▸ **TASK DESCRIPTION**
If an entry holds a picture, leave the picture out and copy the rest of the listing exactly.

• • • • •

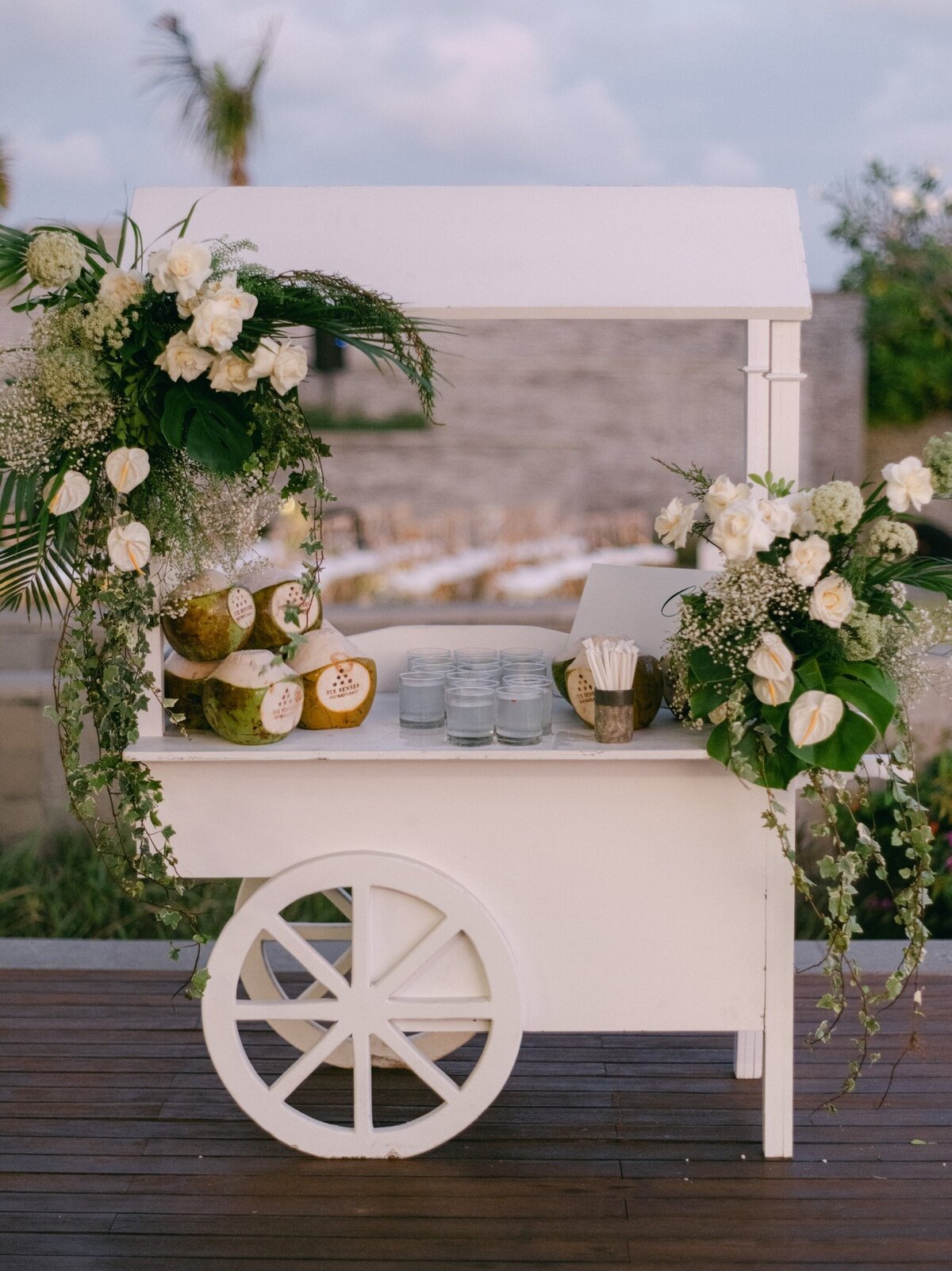 Bali Wedding Cocktail Cart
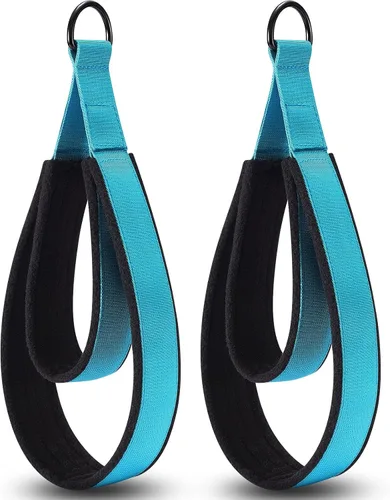 Vista 13 de TOBWOLF 2PCS Pilates Straps for Reformer, Double Loop D Ring Foot Hand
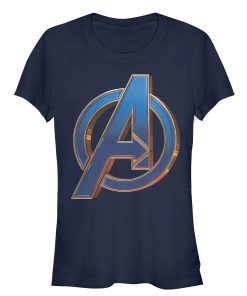 Junior’s Marvel Avengers Endgame Bold Logo T-Shirt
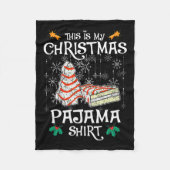 Dit is mijn kerst pyjama leuke kerst taart fleece deken (Voorkant)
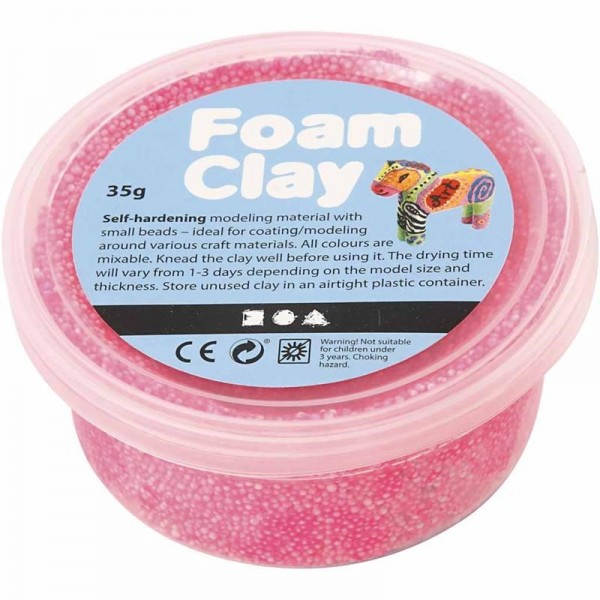 Foam Clay - Neonpink, 35g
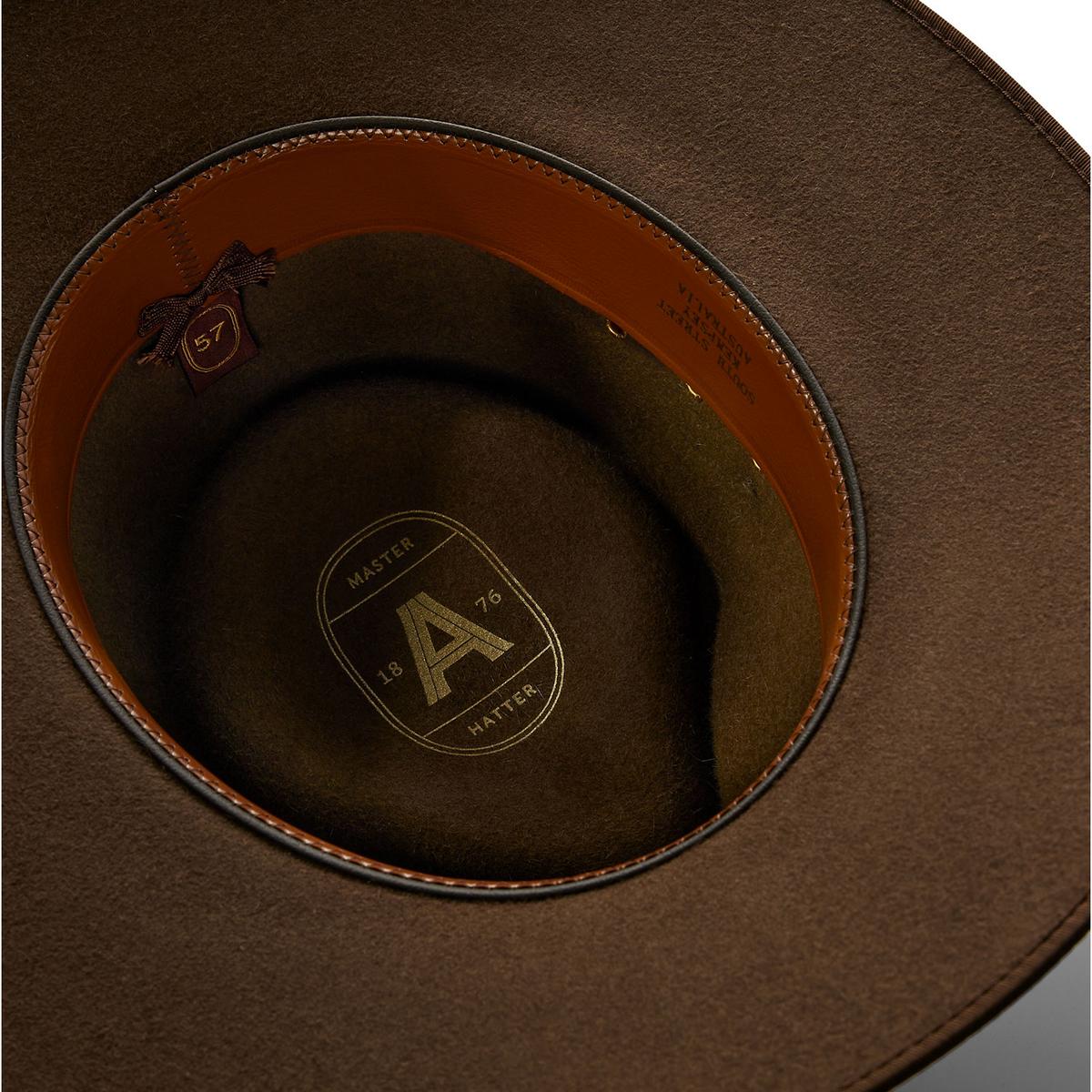 Cattleman Fur Felt Australian Western Hat - Image 7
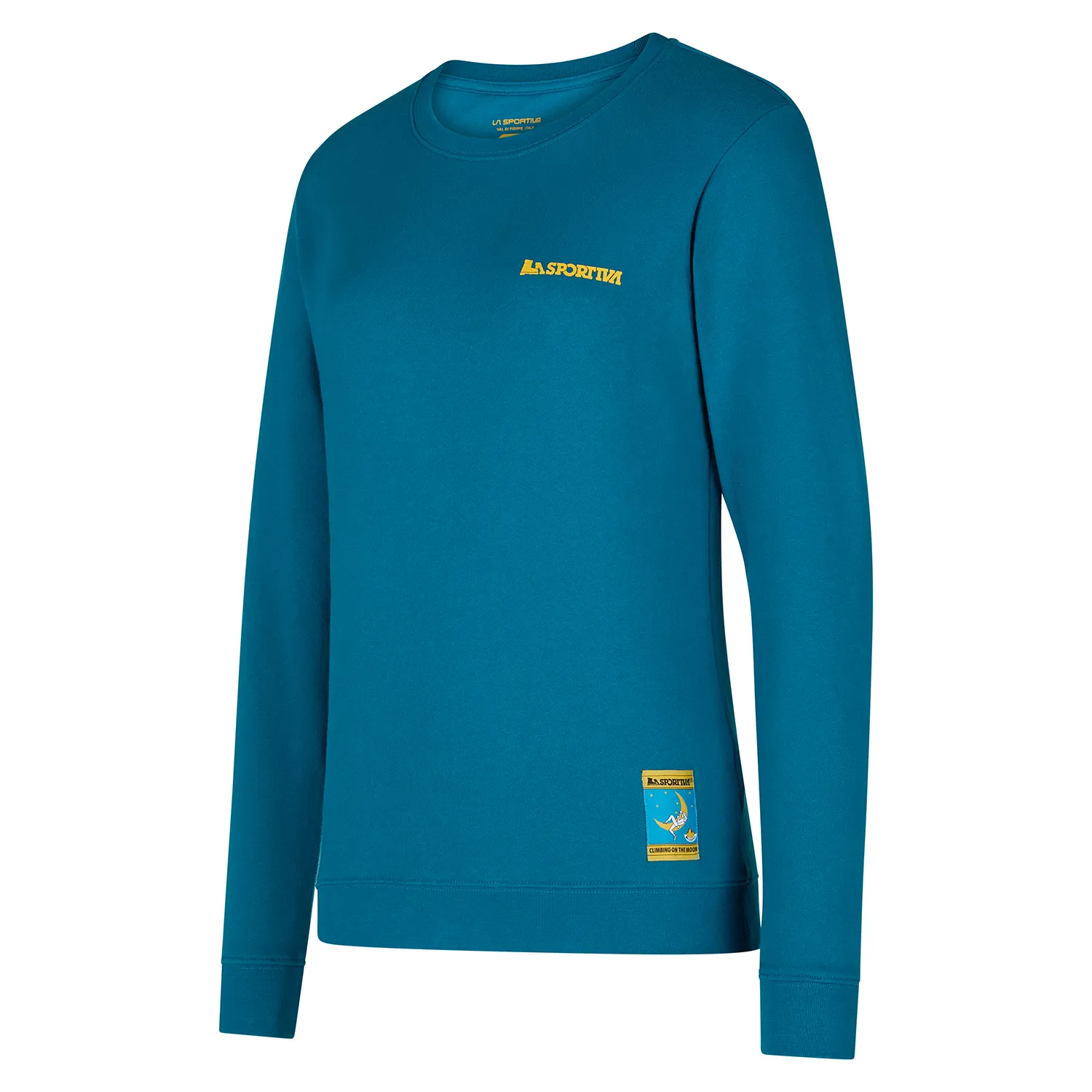 La Sportiva Women’s Climbing On The Moon Sweatshirt Turchese/Giallo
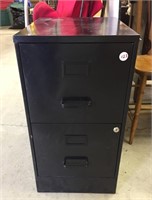 Black 2 Dwr File Cabinet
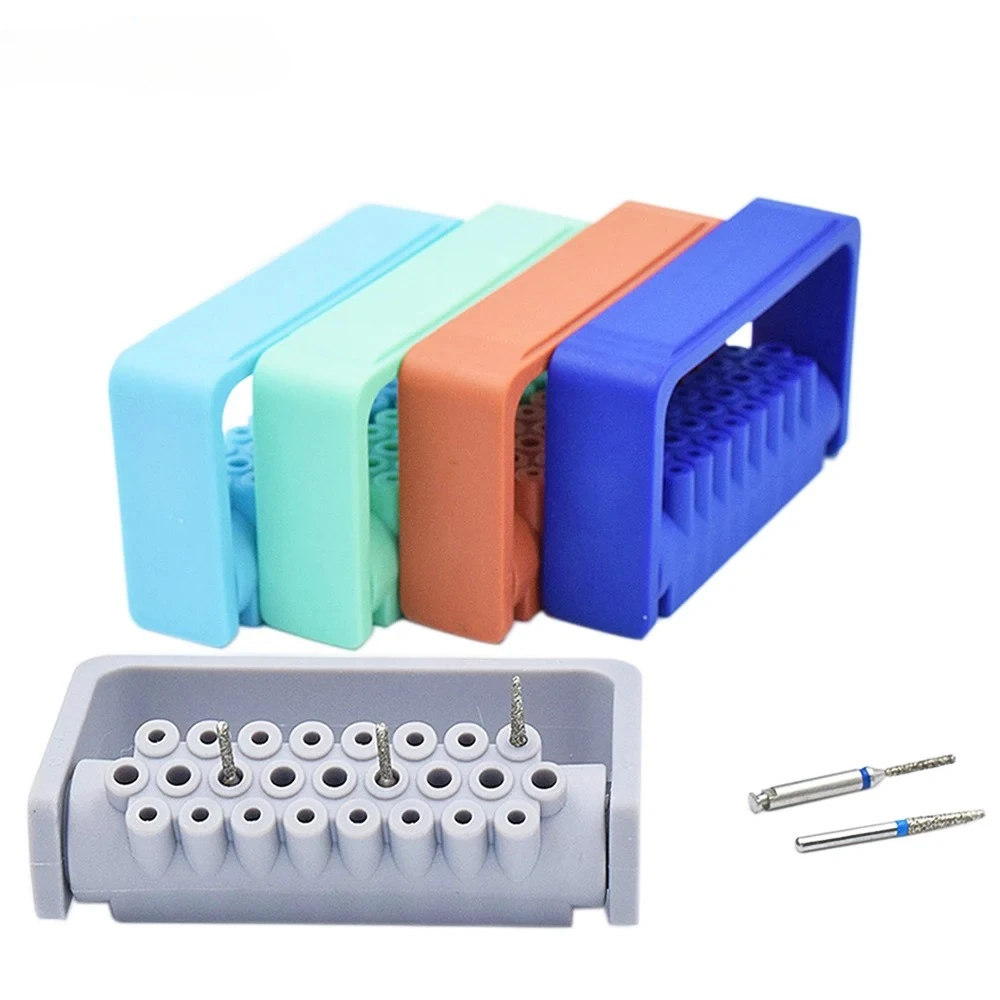 10Pcs 25Hole Dental Disinfection Box, Root Canal Placement Rack, Disinfection Box, High-Speed Needle Holder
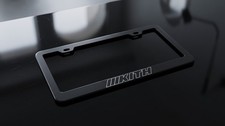 Black Bmw X Kith Black Metal Limited Edition License Plate Frame Black Bmw X Kith Black Metal Limited Edition License Plate Frame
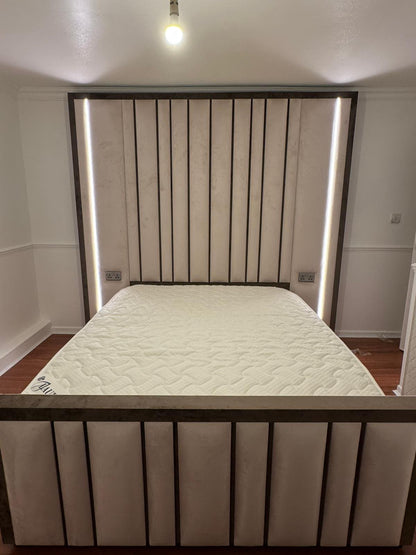 Conrad LED Dimmable Light Bed Frame | Sockets Optional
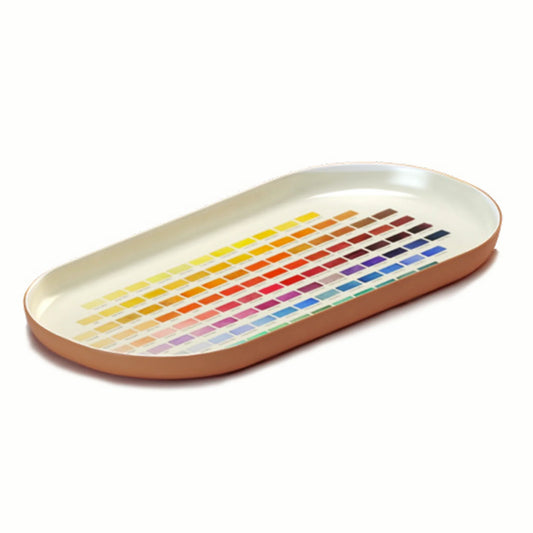 Nomenclature of Colors Oval Enamel Printed Tray
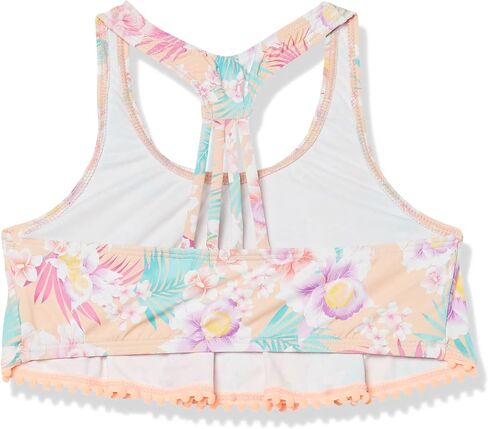 Hobie Girls Hi Neck Crop Bra Bikini Top & Banded Bottom Swimsuit Set in Saudi Arabia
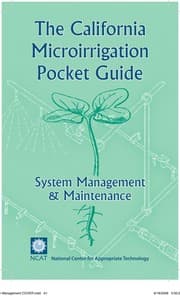 Tapa de The California microirrigation pocket guide [electronic resource]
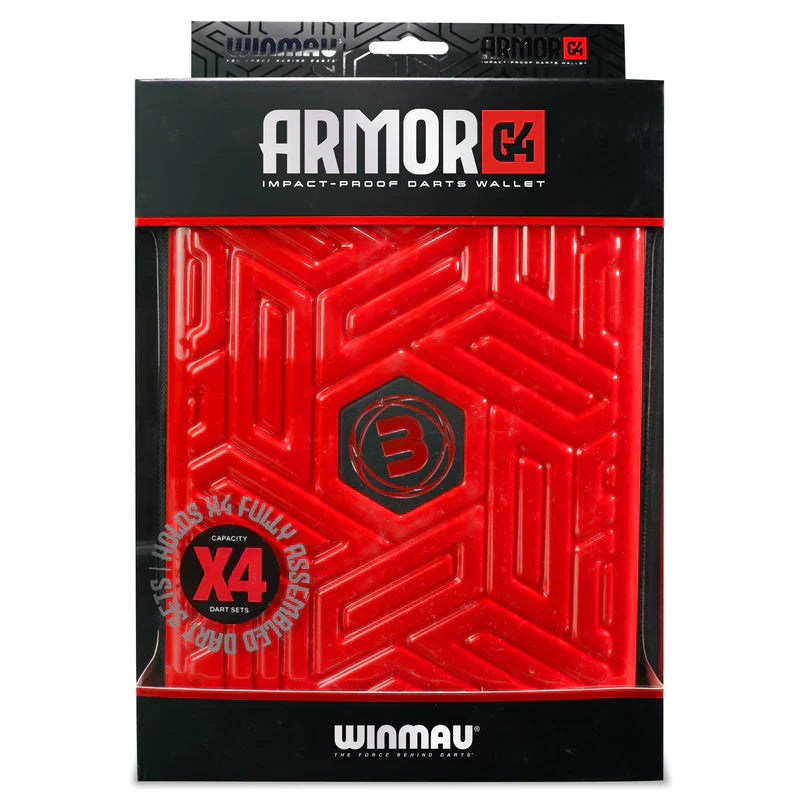 Winmau - Armor G4 - Červená - Puzdro Na Šípky - Direct Darts - 7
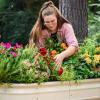 imageVego garden 32quot Tall 9 in 1 Novel Metal Raised Garden Bed Kits Modular Planter Beds for Vegetables Flowers Pearl WhitePearl White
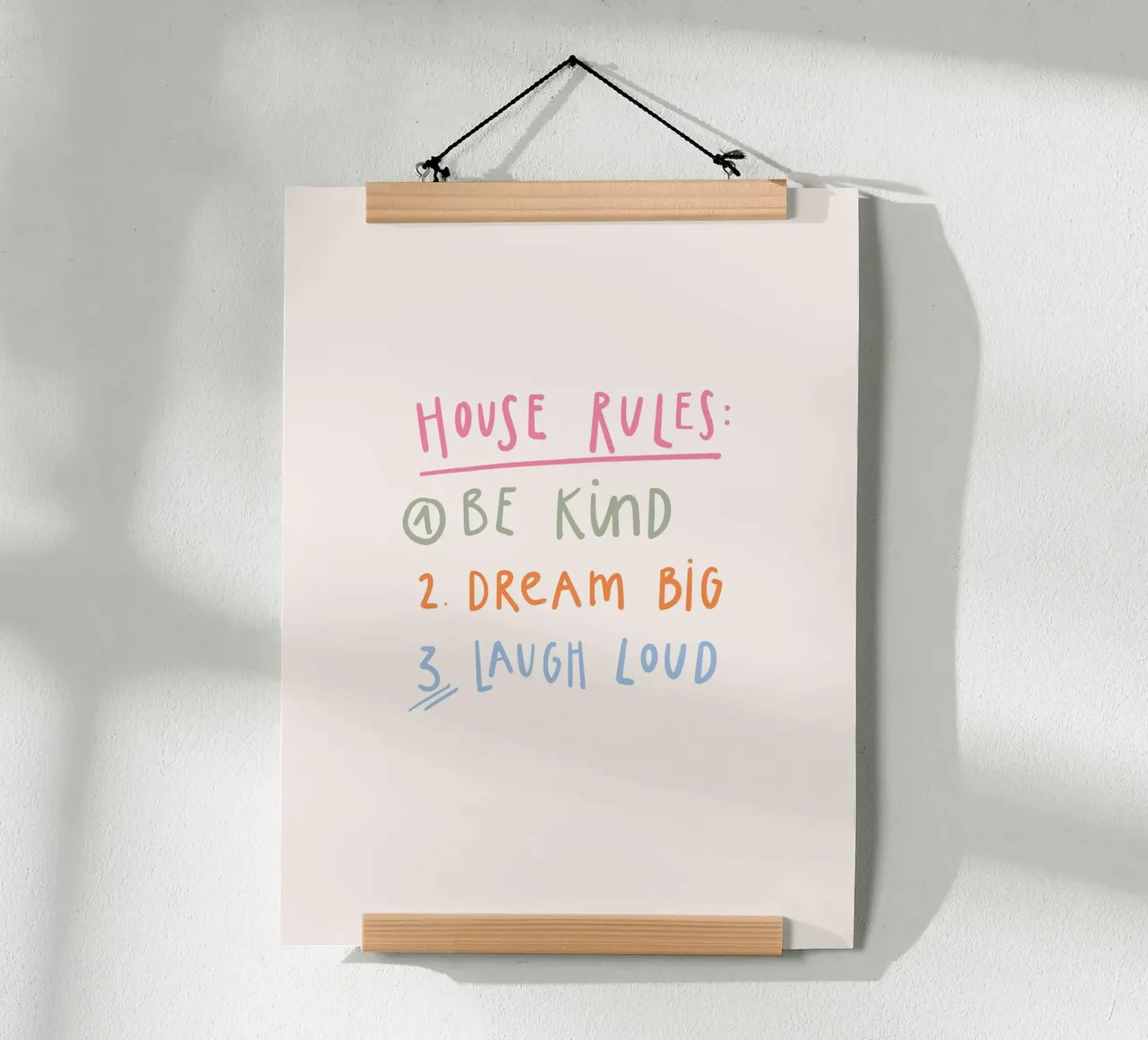 House Rules poster da KRUTH DESIGN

• • • • •

▸ **SOLUTION FOR THIS TASK**
 Bali Wedding Cocktail Cart
 Vista 13 de TOBWOLF 2PCS Pilates Straps for Reformer, Double Loop D Ring Foot Hand
 Junior’s Marvel Avengers Endgame Bold Logo T-Shirt
 Dit is mijn kerst pyjama leuke kerst taart fleece deken (Voorkant)
 Foam Clay - Neonpink, 35g
 Cattleman Fur Felt Australian Western Hat - Image 7
 La Sportiva Women’s Climbing On The Moon Sweatshirt Turchese/Giallo
 Black 2 Dwr File Cabinet
 10Pcs 25Hole Dental Disinfection Box, Root Canal Placement Rack, Disinfection Box, High-Speed Needle Holder
 Black Bmw X Kith Black Metal Limited Edition License Plate Frame Black Bmw X Kith Black Metal Limited Edition License Plate Frame
 Conrad LED Dimmable Light Bed Frame | Sockets Optional
 Nomenclature of Colors Oval Enamel Printed Tray
 Hobie Girls Hi Neck Crop Bra Bikini Top & Banded Bottom Swimsuit Set in Saudi Arabia
 Tapa de The California microirrigation pocket guide [electronic resource]
 Winmau - Armor G4 - Červená - Puzdro Na Šípky - Direct Darts - 7
 imageVego garden 32quot Tall 9 in 1 Novel Metal Raised Garden Bed Kits Modular Planter Beds for Vegetables Flowers Pearl WhitePearl White
 House Rules poster da KRUTH DESIGN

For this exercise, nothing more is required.